User Manual¶

If you want to participate in a benchmark on the EYRA Benchmark Platform, you need to create a model based on participant data, that can predict outcomes (e.g., class labels or numeric values) given test data. What you submit to the benchmark platform is a Docker container that does the predictions, given your model or algorithm. Benchmark organisers need to provide a Docker container for evaluating the results produced by the models/algorithms of participants. The EYRA tools can be used to generate boilerplate containers that set up as much as possible, so you can focus on implementing the prediction algorithm or evaluation metrics.

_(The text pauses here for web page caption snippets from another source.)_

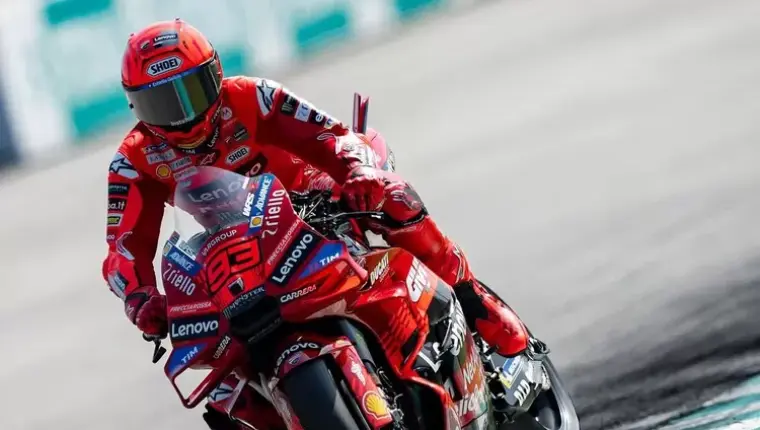Marc Marquez Kuasai FP1 MotoGP Australi 2025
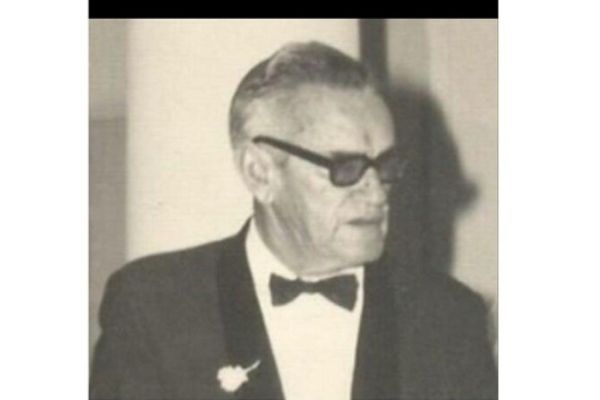 Mariano Barreneche, compositor del Himno de Santa Marta. 
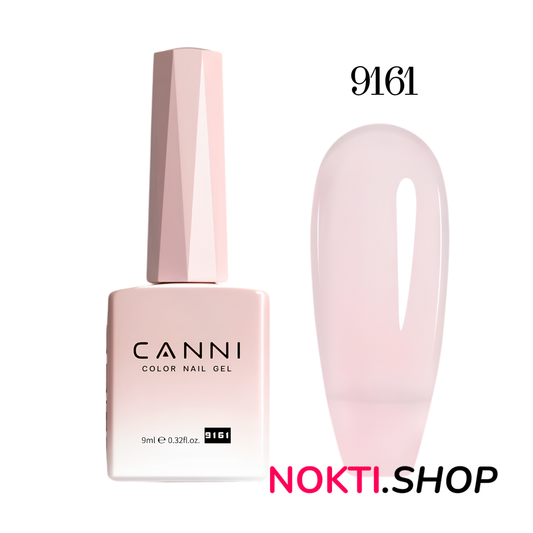 Canni Gel Lak 9161 9ml HEMA / TPO / HMPA Free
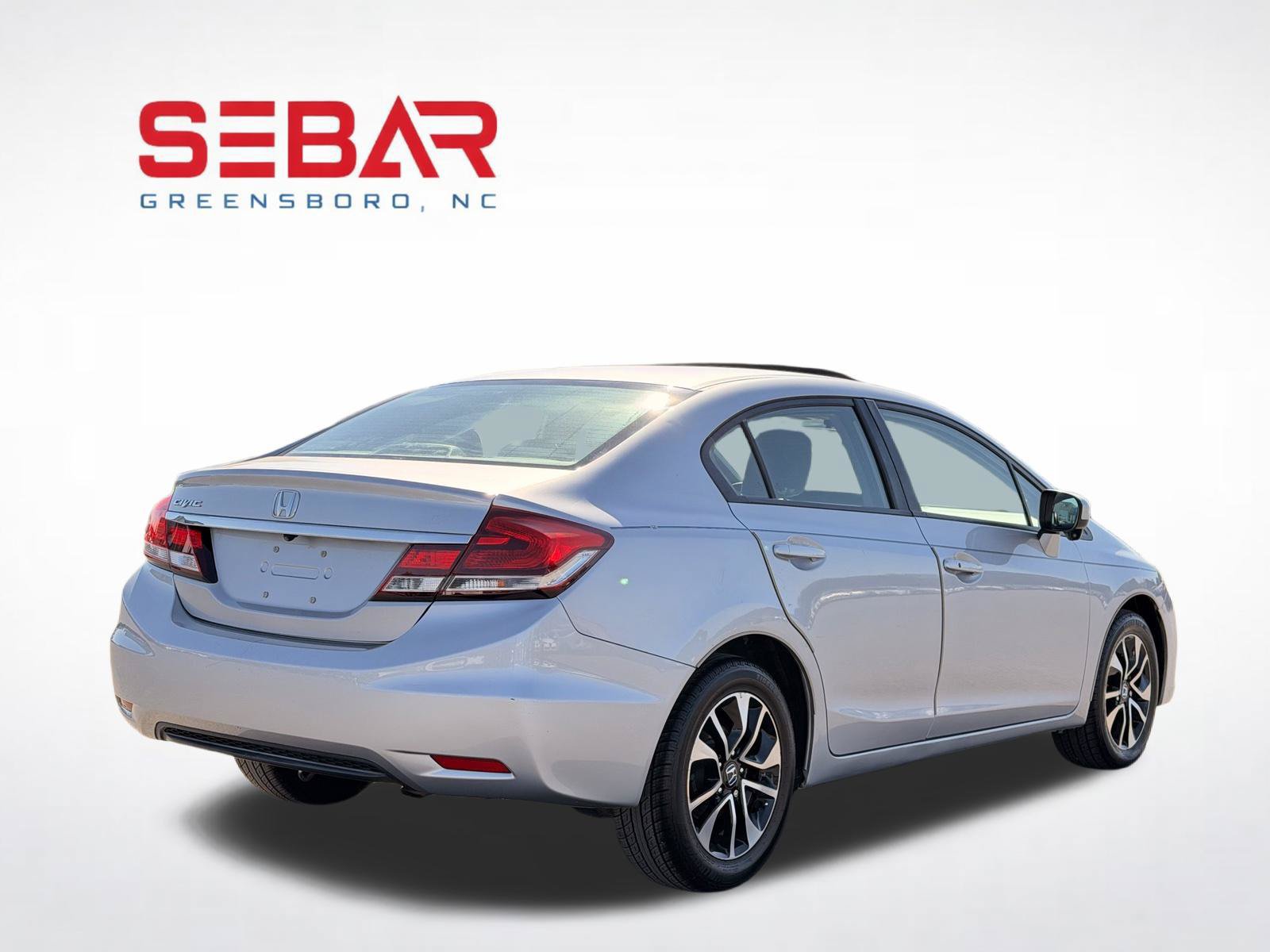 Used 2015 Honda Civic EX image 6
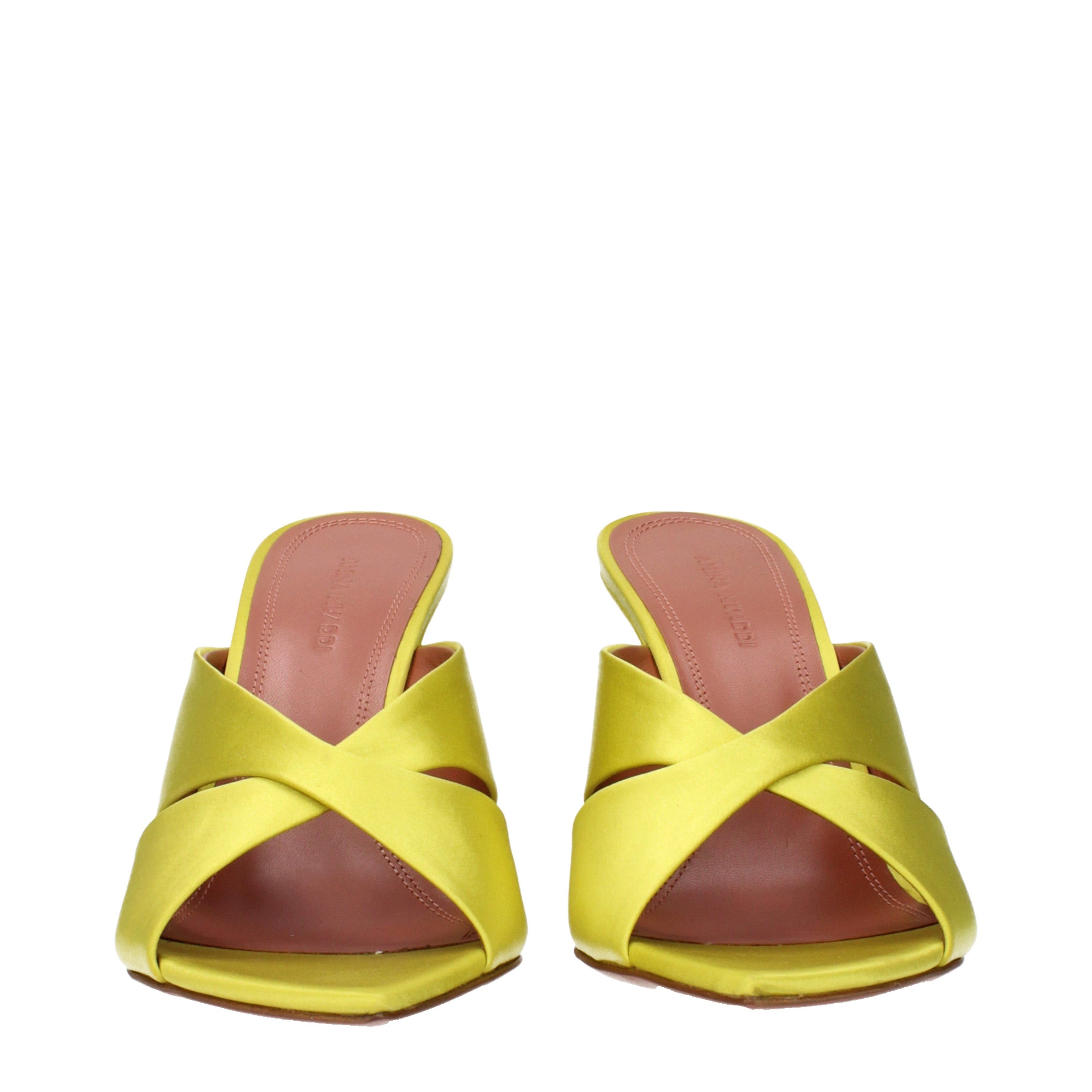 Amina Muaddi Sandals Size US 8 / IT 38 - 3 Thumbnail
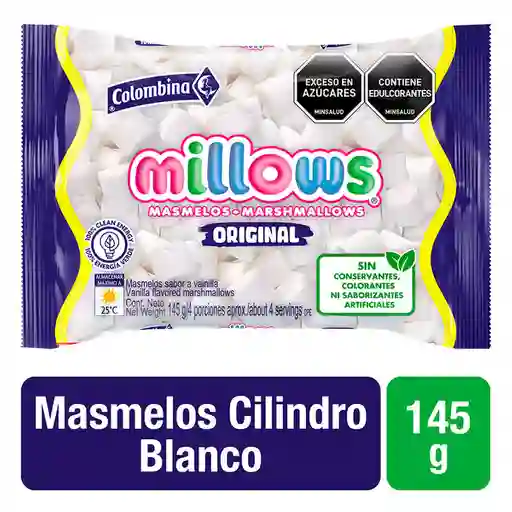Millows Masmelos Sabor Original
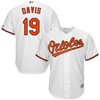 Chris Davis Baltimore Orioles Cool Base Player Jersey - White - Robokeg
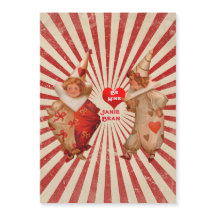 Stripes en Valentijnen met hart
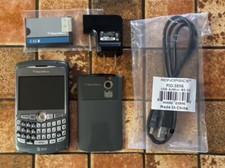 L43 Blackberry Curve 8310 AT T GSM UNLOCKED EDGE 2G Basic Call and Text Qwerty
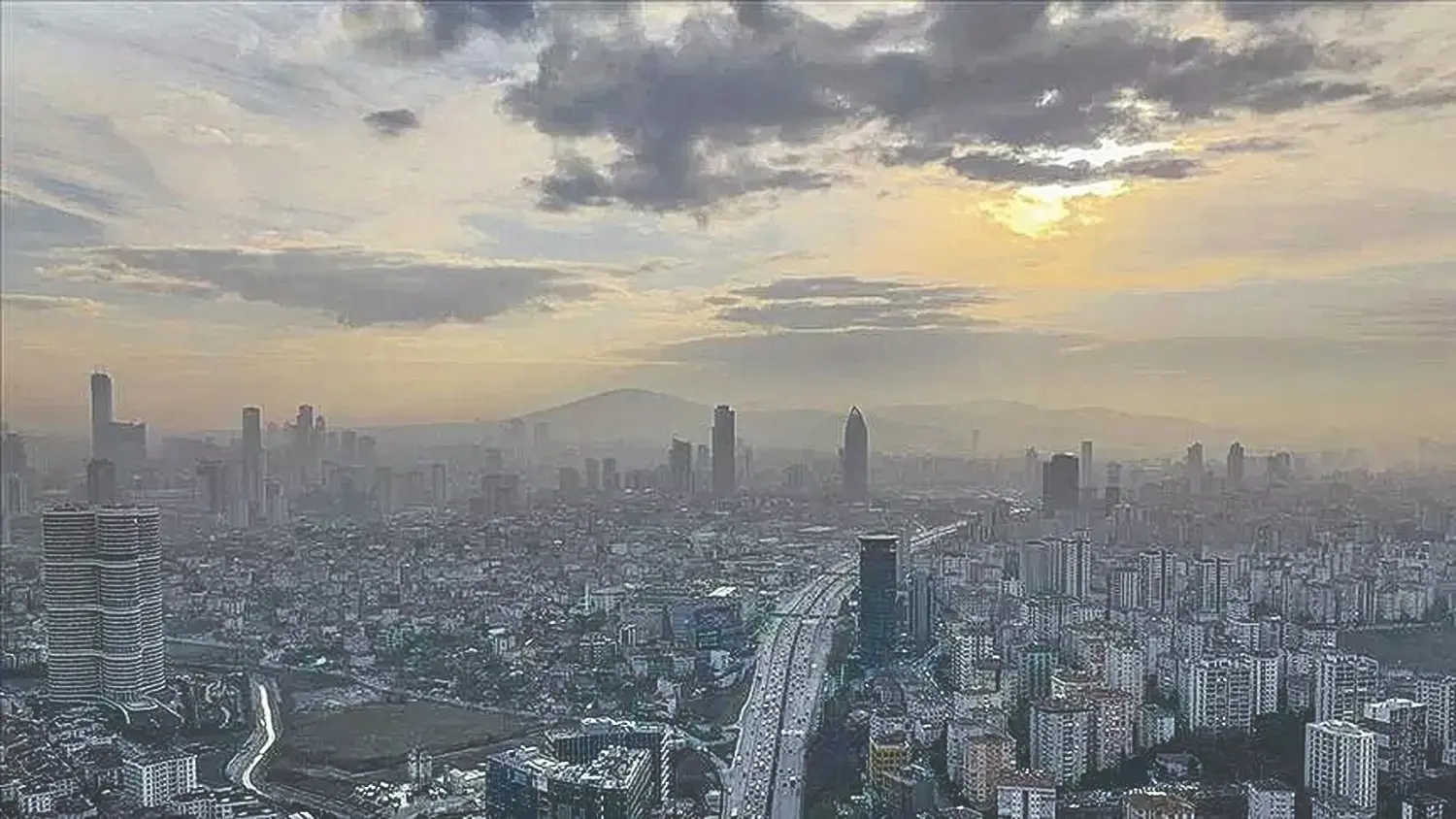 Luchtvervuiling in Istanbul gekoppeld aan meer ziekenhuisbezoeken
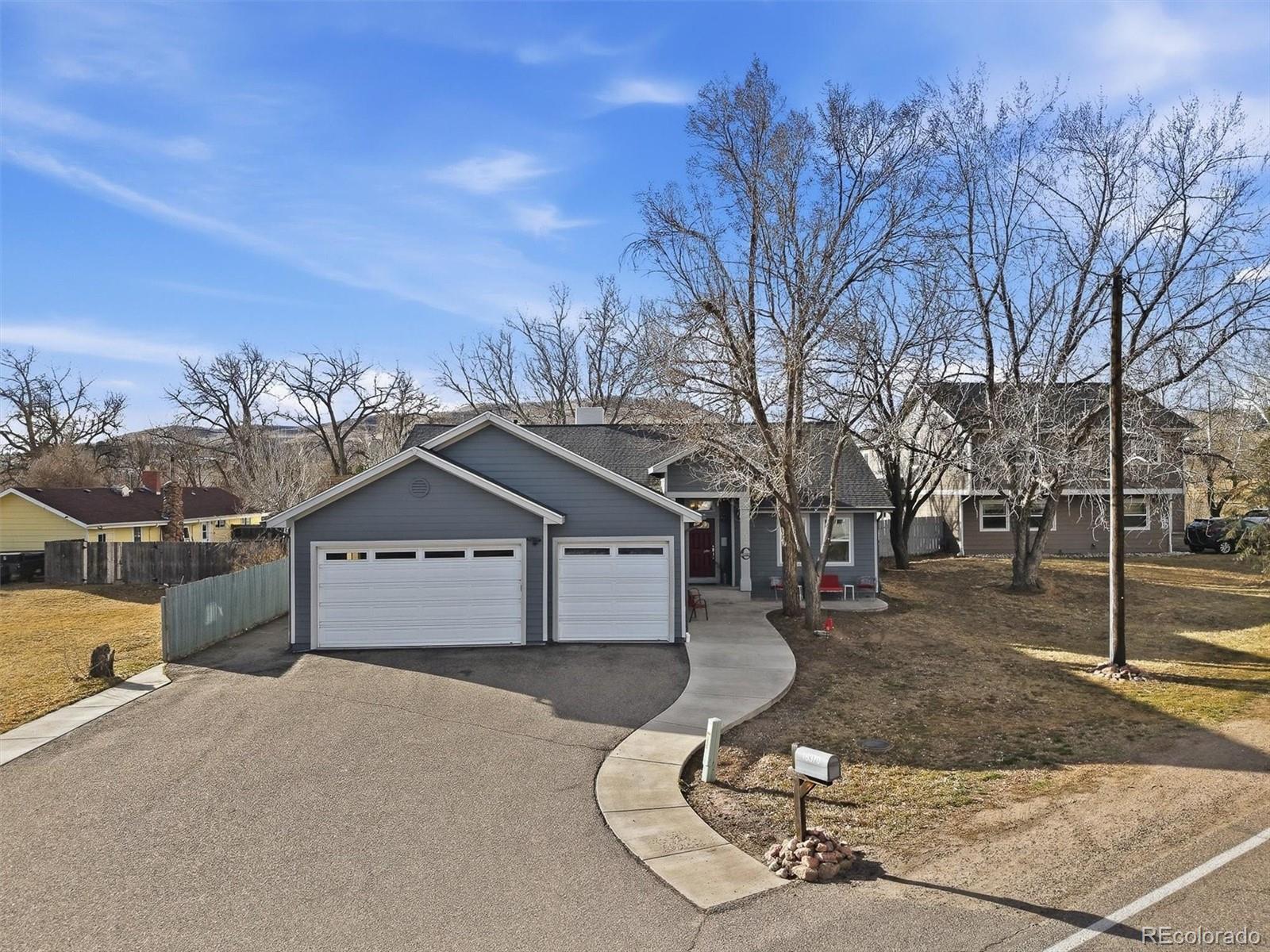 16370 Mount Vernon Road Golden CO 80401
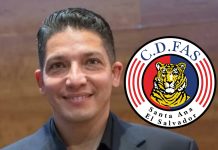 Director Deportivo de FAS explica la situación de impagos y asegura que cumplirán el pedido de FESFUT El director deportivo aclaró la situación. Foto cortesía: FAS.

To be able to use the Docker container as an submission or evaluation, you need to publish it on Docker Hub. If you (or your organization) do(es) not yet have a Docker Hub account, you need to sign up for one.

Quickstart¶

Generate a boilerplate container by running: eyra-generate [submission|evaluation] <name>. A directory called <name> is created.
Put the input data in the <name>/data/input/ directory.
- Benchmark participants should download the public test data and put it in this directory. The file should be called data/input/test_data.
- Benchmark organisers should create a ground truth file as data/input/ground_truth and create an example output file (as if created by a participants container), and store it as data/input/implementation_output.
For submissions, implement the prediction code in src/submission.py. For evaluations, implement evaluation metrics in src/evaluation.py. You can test your code by running python src/submission.py or python src/evaluation.py from the <name> directory. Output is written to <name>/data/output.

Important

Please do not change the file paths in the part of the code after if __name__ == "__main__":. Running submissions and evaluations depends on default file names. When running the container locally (see step 7 of this quickstart), these paths are mapped to your local copy of the input and output directories. When running on the benchmark platform, they are mapped to the challenge input and output directories.
Add any file you need to the <name>/src directory. This can be (Python) code, but also (binary) files containing a model (see the tutorial for an example). For evaluations, you might not need additional files.
Add your code’s dependencies to the <name>/requirements.txt file.
Update the run() method of the Submission or Evaluation object to call a function or functions from src/submission.py or src/evaluation.py.

Tip

The generated code contains a complete, albeit very simple, example of a submission or evaluation. For a more realistic example have a look at the demo benchmark tutorial.
Test your container by running test.sh. This will build the container and run the prediction or evaluation code on your local copy of the data. Output is written to <name>/data/output.
If you are done developing, run the push.sh script to tag your Docker container with a version number and push it to Docker Hub.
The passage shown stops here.